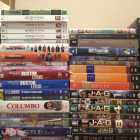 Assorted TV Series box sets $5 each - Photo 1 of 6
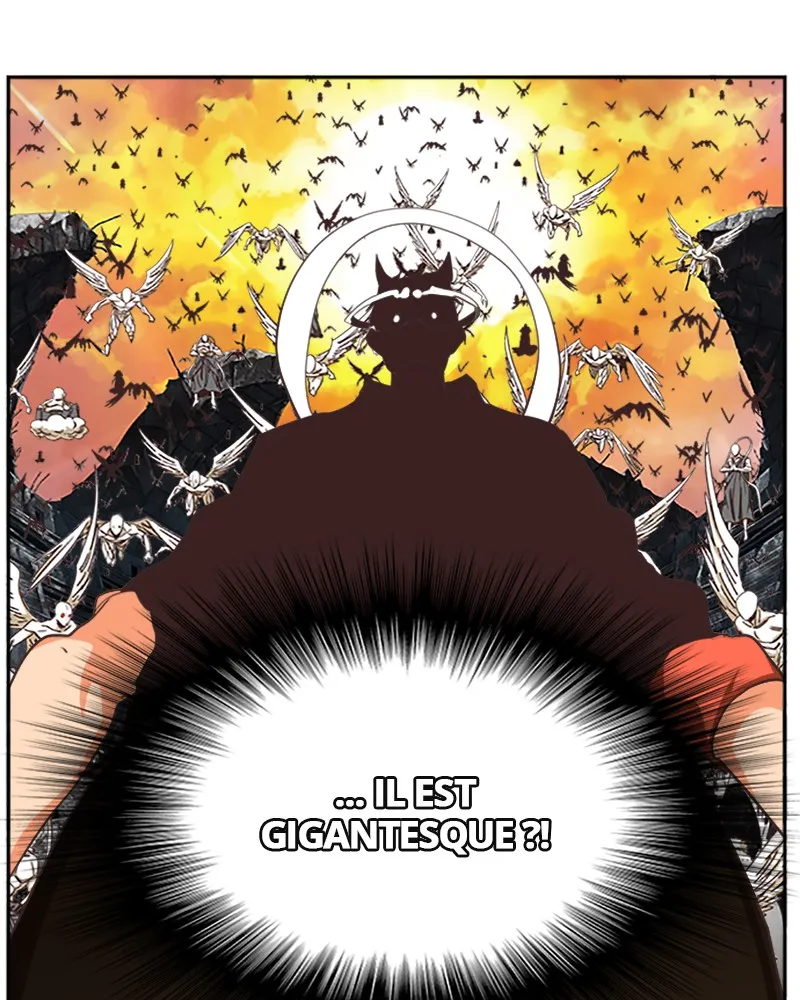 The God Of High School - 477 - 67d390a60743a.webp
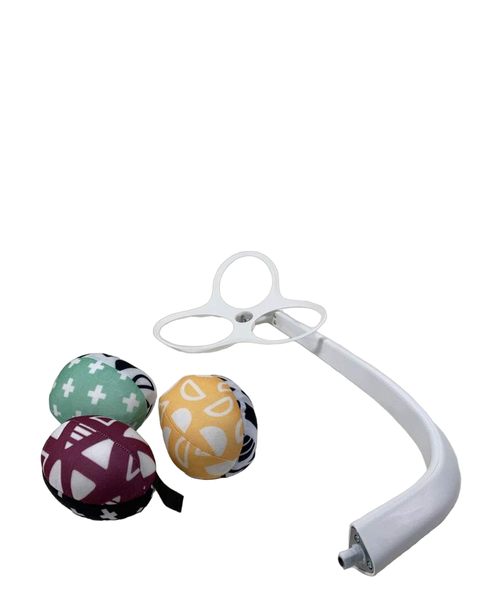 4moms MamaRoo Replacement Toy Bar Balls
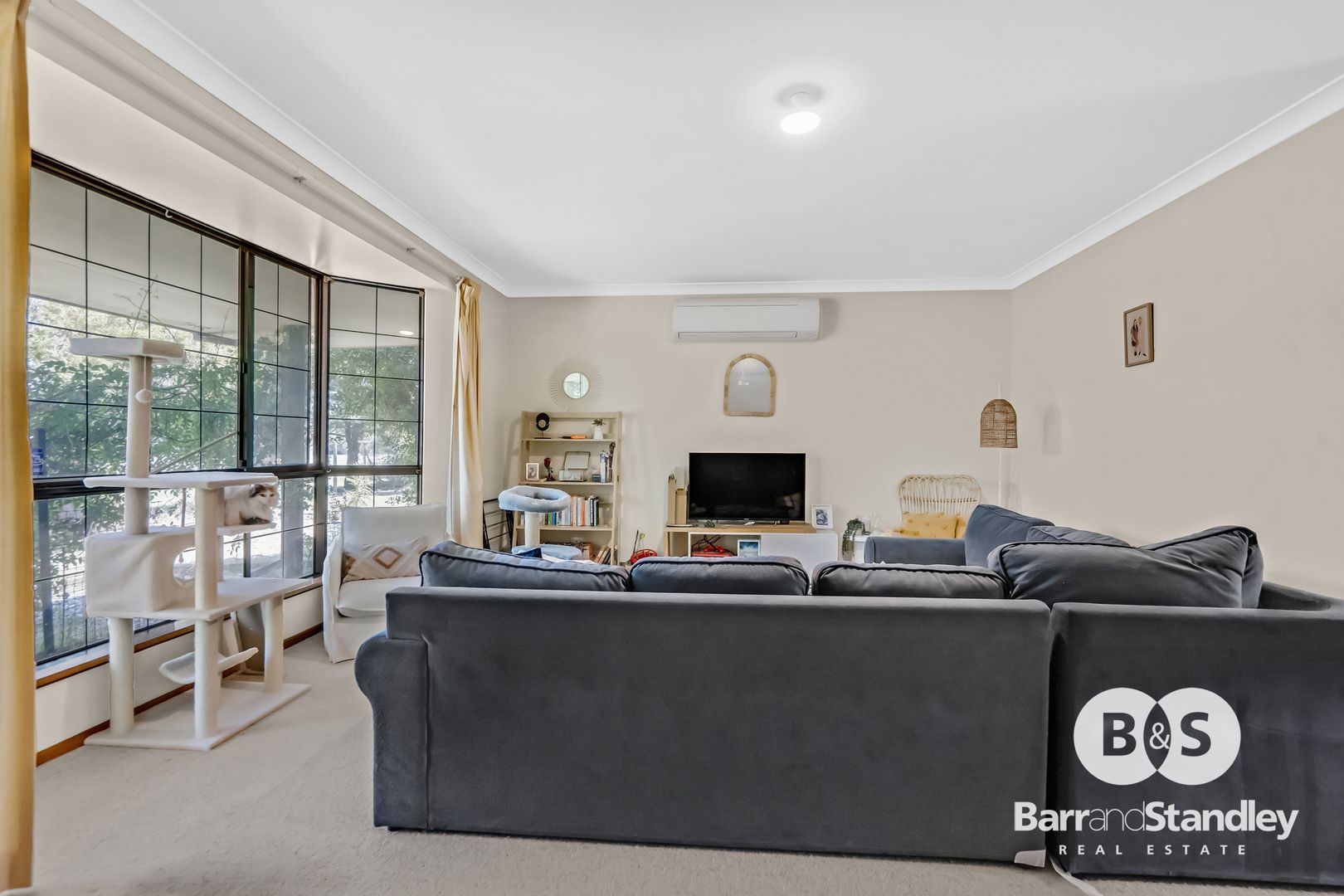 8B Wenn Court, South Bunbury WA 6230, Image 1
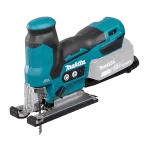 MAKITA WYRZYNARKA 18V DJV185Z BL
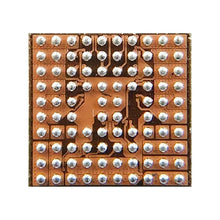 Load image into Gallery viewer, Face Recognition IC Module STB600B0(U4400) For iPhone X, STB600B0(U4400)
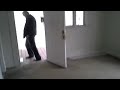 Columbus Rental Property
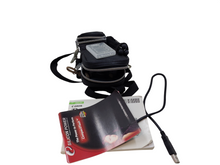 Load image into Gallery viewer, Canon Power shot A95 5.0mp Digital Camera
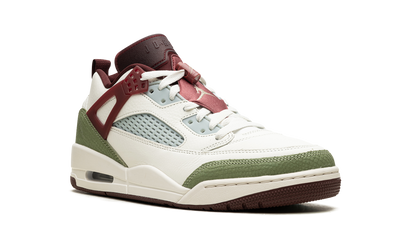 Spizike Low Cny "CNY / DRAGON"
---
§ What you need to do:
Set down exactly the lines between the one with "4moms MamaRoo Replacement Toy Bar Balls" and the last line of the material above, both included, but none of the pictures.

§ Written response:
 4moms MamaRoo Replacement Toy Bar Balls
 8B Wenn Court, South Bunbury WA 6230, Image 1
 MAKITA WYRZYNARKA 18V DJV185Z BL
 Load image into Gallery viewer, Face Recognition IC Module STB600B0(U4400) For iPhone X, STB600B0(U4400)
 Columbus Rental Property
 Load image into Gallery viewer, Canon Power shot A95 5.0mp Digital Camera
 Spizike Low Cny "CNY / DRAGON"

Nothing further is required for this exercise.